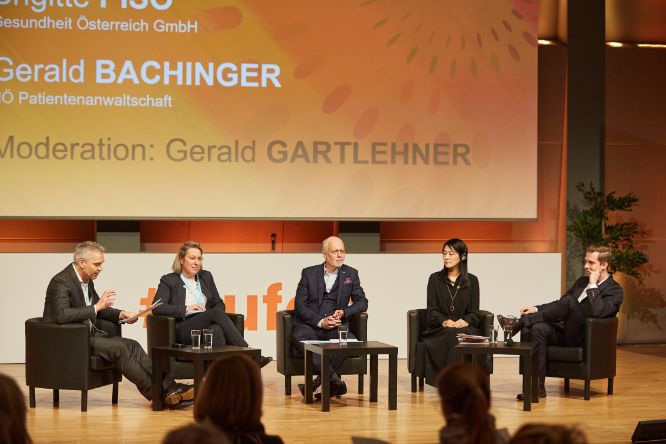 Podiumsdiskussion: Unter der Moderation von Univ.-Prof. Dr. Gerald Gartlehner, MPH (Donau-Universität Krems) diskutierten Dr. Brigitte Piso, MPH (Gesundheit Österreich GmbH), Dr. Gerald Bachinger (NÖ Patientenanwaltschaft), Dr. Riko Muranaka (Universität Kyoto) und Philipp Schmid, MSc (Universität Erfurt);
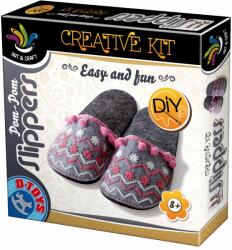 D-Toys Set creativ de cusut papuci de casa - Pom-Pom Slippers (68620)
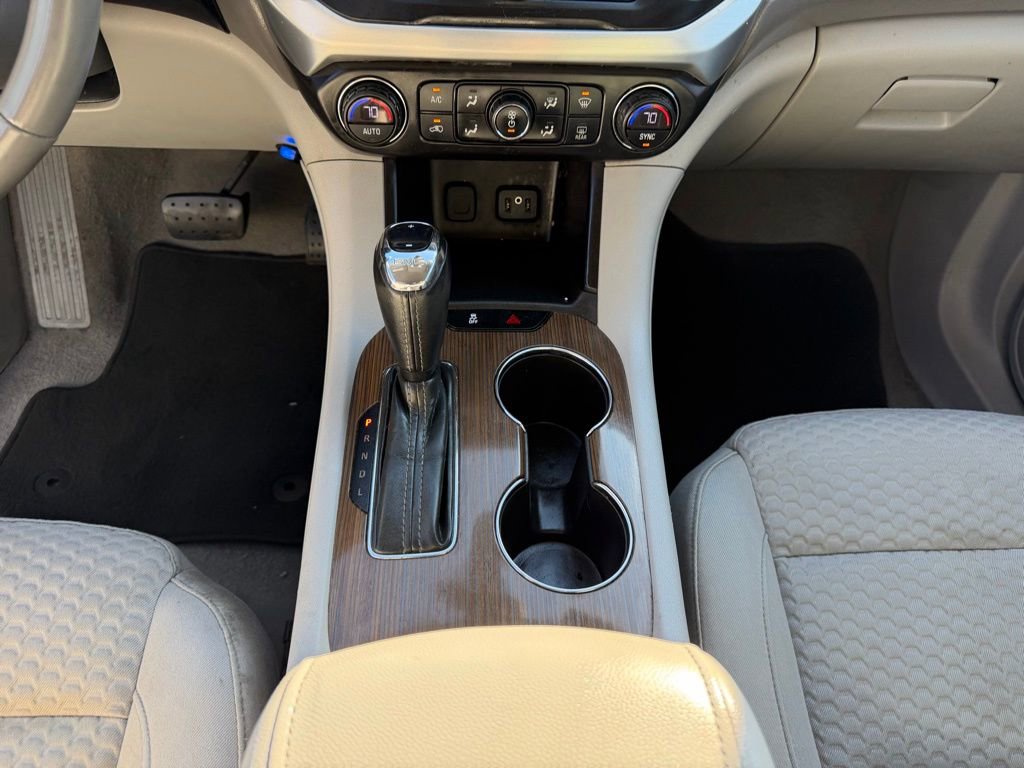 Used 2018 GMC Acadia SLE image 38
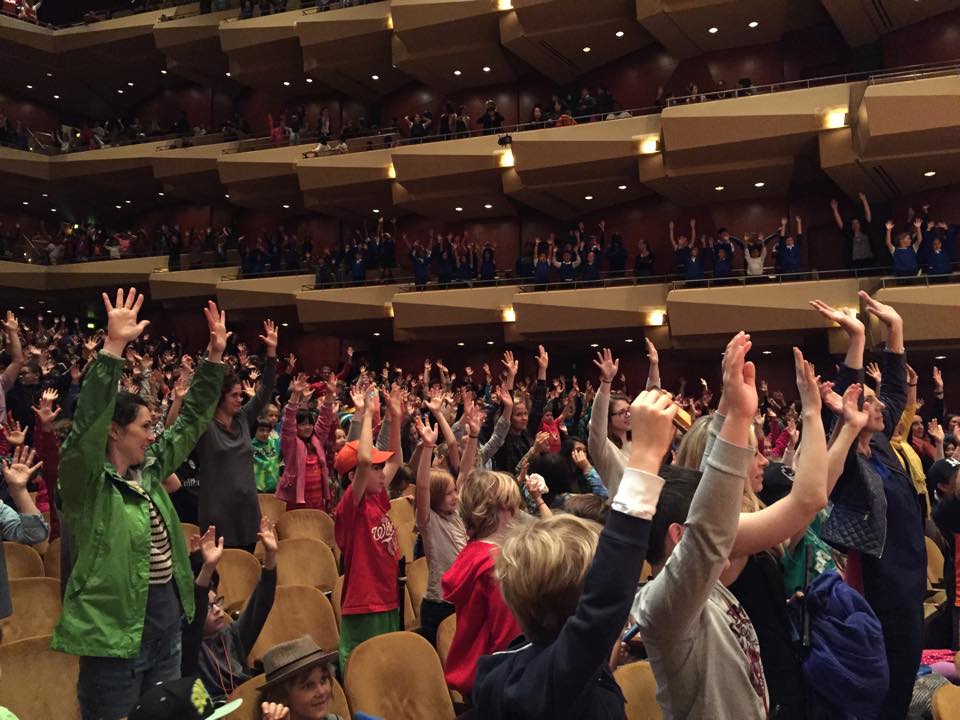 MusicAtQAE's tweet photo. 3rd graders loved playing w/ @seattlesymphony with the LinkUp recorder series!! #MusicMatters #MusicAtQAE http://t.co/2xqTECodNr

§ §

• [To do] The lines from the one that contains "D-Toys Set creativ" through the end of the data, repeated exactly and with no pictures, make up the whole answer.

• [Answer space]
 D-Toys Set creativ de cusut papuci de casa - Pom-Pom Slippers (68620)
 Used 2018 GMC Acadia SLE image 38
 MusicAtQAE's tweet photo. 3rd graders loved playing w/ @seattlesymphony with the LinkUp recorder series!! #MusicMatters #MusicAtQAE http://t.co/2xqTECodNr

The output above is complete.